Khooja
To use CombineFileInputFormat you necessarily don't need to do any code
change. Specify the input format in the hadoop jar command with the -D option
before you specify any other args like the input/output paths.
Regards
Bejoy K S
-----Original Message-----
From: bejoy ks <[email protected]>
Date: Mon, 5 Dec 2011 21:35:03
To: <[email protected]>; <[email protected]>
Subject: Re: Too many mappers - Mahout lda
Hi
Could you post in your values of mapred.min.split.size and
mapred.max.split.size. Even If your hdfs block size is 64MB, if
mapred.max.split.size is lesser then it can create more map tasks. When you say
123 input splits, is it just num of input files or the num of hdfs blocks? If
123 larger files are there and each spawning multiple blocks then the num map
tasks would definitely be more than num of input files. Please check all of the
above
Regards
Bejoy K S
-----Original Message-----
From: Sean Owen <[email protected]>
Date: Mon, 5 Dec 2011 21:24:48
To: <[email protected]>
Subject: Re: Too many mappers - Mahout lda
I don't think it does anything special. Block size isn't quite the issue
here -- do you have 1,555 input files?
You can check the value of mapred.min.split.size too.
On Mon, Dec 5, 2011 at 9:20 PM, Mohammed Al khooja <[email protected]>wrote:
> Hi Bejoy,
>
> Thanks for your input. The only problem is that I don't have access to the
> code and I need to work around the configurations. Since I have 123
> initial input splits, is it possible that Mahout is doing it's own
> splitting ? I checked the Block sizes and they do match (128MB) so I can't
> see why I end up having 1555 map tasks.
>
> Thanks anyways for the code hint. I think I will need it in the near
> future!
>
> Mohamad
>
> On Mon, Dec 5, 2011 at 3:18 PM, bejoy ks <[email protected]> wrote:
>
> > Hi
> > In hadoop mapred.map.tasks won't do the job of controlling the number
> > of mappers. There would be one map task created against each input split.

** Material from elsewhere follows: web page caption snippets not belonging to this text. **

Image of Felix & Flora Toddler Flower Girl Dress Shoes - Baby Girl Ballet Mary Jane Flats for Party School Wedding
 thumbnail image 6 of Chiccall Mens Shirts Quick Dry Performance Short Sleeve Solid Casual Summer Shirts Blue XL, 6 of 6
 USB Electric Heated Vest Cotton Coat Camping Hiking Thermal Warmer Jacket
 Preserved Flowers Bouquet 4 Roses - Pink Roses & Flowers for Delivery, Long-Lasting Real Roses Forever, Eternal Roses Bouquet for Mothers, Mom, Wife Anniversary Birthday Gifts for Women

> > To reduce the number of map tasks you can use CombineFileInputFormat if
> > that works for you in the implementation. It actually assigns multiple
> > input splits to one mapper,but with a light loss of data locality.
> >
> > Hope it Helps!..
> >
> > Regards
> > Bejoy K S
> >
> > -----Original Message-----
> > From: Mohammed Al khooja <[email protected]>
> > Date: Mon, 5 Dec 2011 20:04:25
> > To: <[email protected]>
> > Subject: Too many mappers - Mahout lda
> >
> > Hi,
> >
> > I'm running lda on 123 file-parts (Block size is 128 MB). However,
> mahout
> > is creating 1555 mappers. I tried setting mapred.map.tasks in
> > mapred-site.xml but I guess Mahout overrides it.
> >
> > Does anything has to do with block size or splitting size ?
> >
> > Thanks.
> >
> > --
> >
> > M.khouja
> >
>
>
>
> --
>
> M.khouja
>